Any person in a position of leadership wields some power over others. In the church, there are two important questions about how that power is used:
- For whose benefit is the influence exerted? Will the leader use his power to bolster his position or will he use his power for the benefit of those he leads?
- Will the leader recognize his dependence upon God and seek God for how he should lead?
For whose benefit is power wielded?
In his letter to the Philippians, the Apostle Paul spoke to this issue when he wrote:
“So if there is any encouragement in Christ, any comfort from love, any participation in the Spirit, any affection and sympathy, complete my joy by being of the same mind, having the same love, being in full accord and of one mind. Do nothing from selfish ambition or conceit, but in humility count others more significant than yourselves. Let each of you look not only to his own interests, but also to the interests of others. Have this mind among yourselves, which is yours in Christ Jesus, who, though he was in the form of God, did not count equality with God a thing to be grasped, but emptied himself, by taking the form of a servant, being born in the likeness of men. And being found in human form, he humbled himself by becoming obedient to the point of death, even death on a cross.” (Philippians 2:1–8, ESV)
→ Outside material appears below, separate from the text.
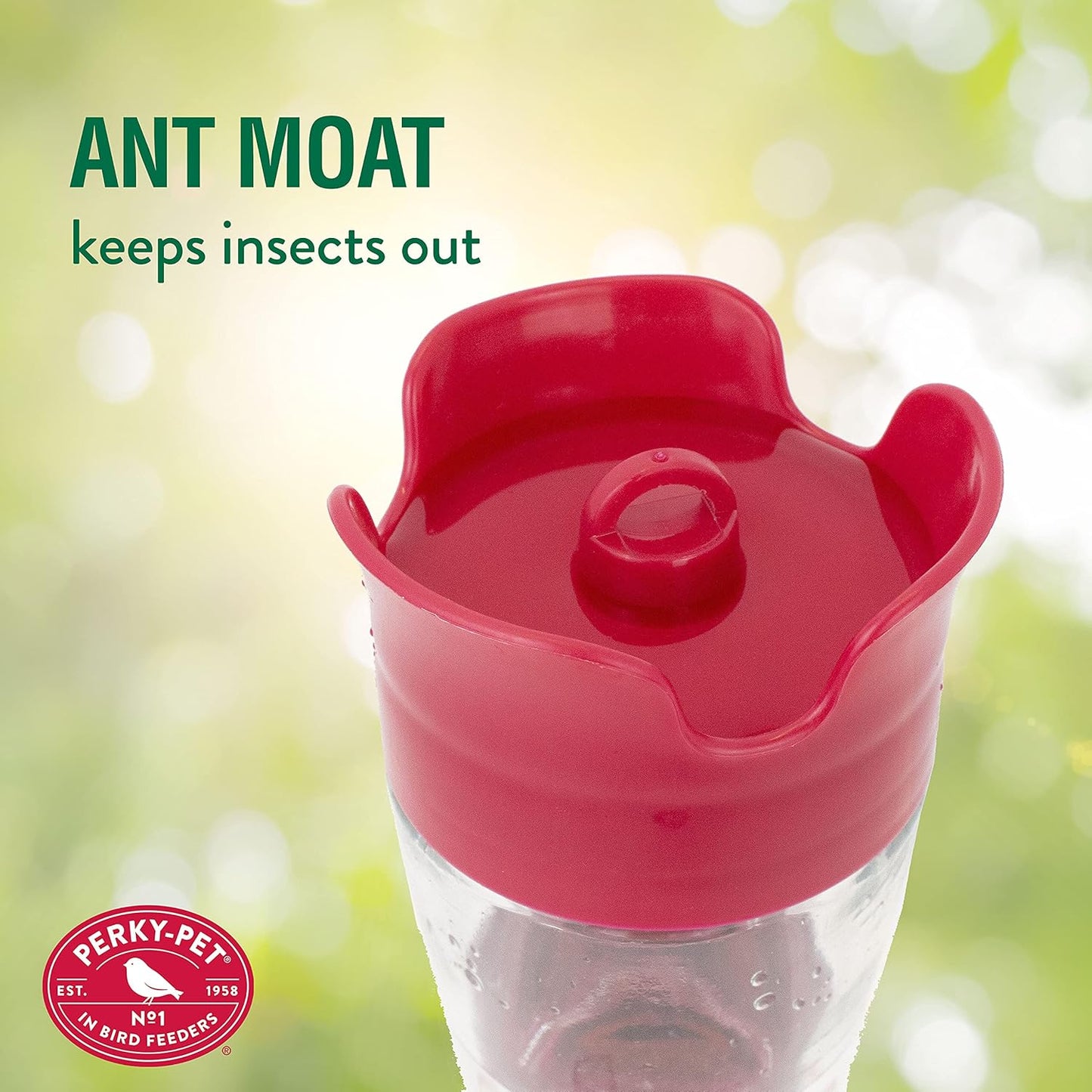 Close-up of red ant moat feature on a clear glass hummingbird feeder designed to block insects outdoors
While this applies to everyone, not just leaders, it is more important that leaders in the church operate with the motive of benefitting others.
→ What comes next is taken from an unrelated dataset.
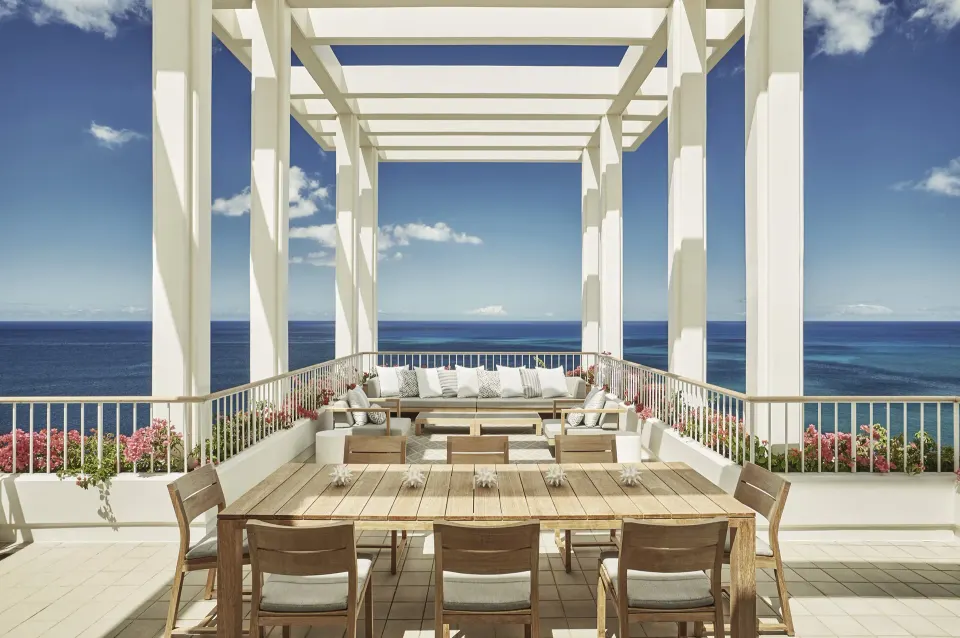 Penthouse Suite terrace dining table and lounge at Four Seasons Resort Oahu at Ko Olina.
But too often, pastors operate to consolidate their own status and position within the body of Christ. They jealously guard the pulpit and seek to put a leadership team around them who agrees with their agenda. This is done in the name of “ministry vision.” But it should not be this way.
Is power wielded in dependence upon God?
In 1 Corinthians 11:1, Paul encourages his readers to imitate him, but only in so far as Paul himself is an imitator of Jesus. There are two aspects that I see to operating in dependence upon God. The first as Paul mentions is to imitate the example of Jesus we see in the Gospels. Jesus served others rather than have them serve him. Jesus put others’ needs before his own.
The second aspect of cultivating dependence upon God is to have an active relationship with him. Is the Bible merely the textbook from which the sermons are prepared or is it the tool which God uses to shape the heart of the pastor? Does the pastor seek to deepen his own relationship with God so that he can be more effective in bringing others into a similar relationship? Does the pastor recognize that he is deeply flawed, but deeply loved by God? Does the pastor understand that he will give an account to God, not for the number of people in the seats but for the condition of the hearts he was to shepherd?
Why is an important question
When a man or women steps forward to be a leader, the most important question is why they want to do so. Is it to serve or to be served? Does the prospective leader demonstrate dependence upon God? As followers, we need to make wise choices as to what leader we will follow. As leaders developing leaders, we need to exercise due diligence in our choice of who to develop and how to develop them.
When church leadership falls into the wrong hands, neither the church nor the society at large fares well. People get hurt and it is not pretty.
On the other hand, when a leader operates with a proper sense of calling and with a proper humility, that leader can be used by God to produce amazing results.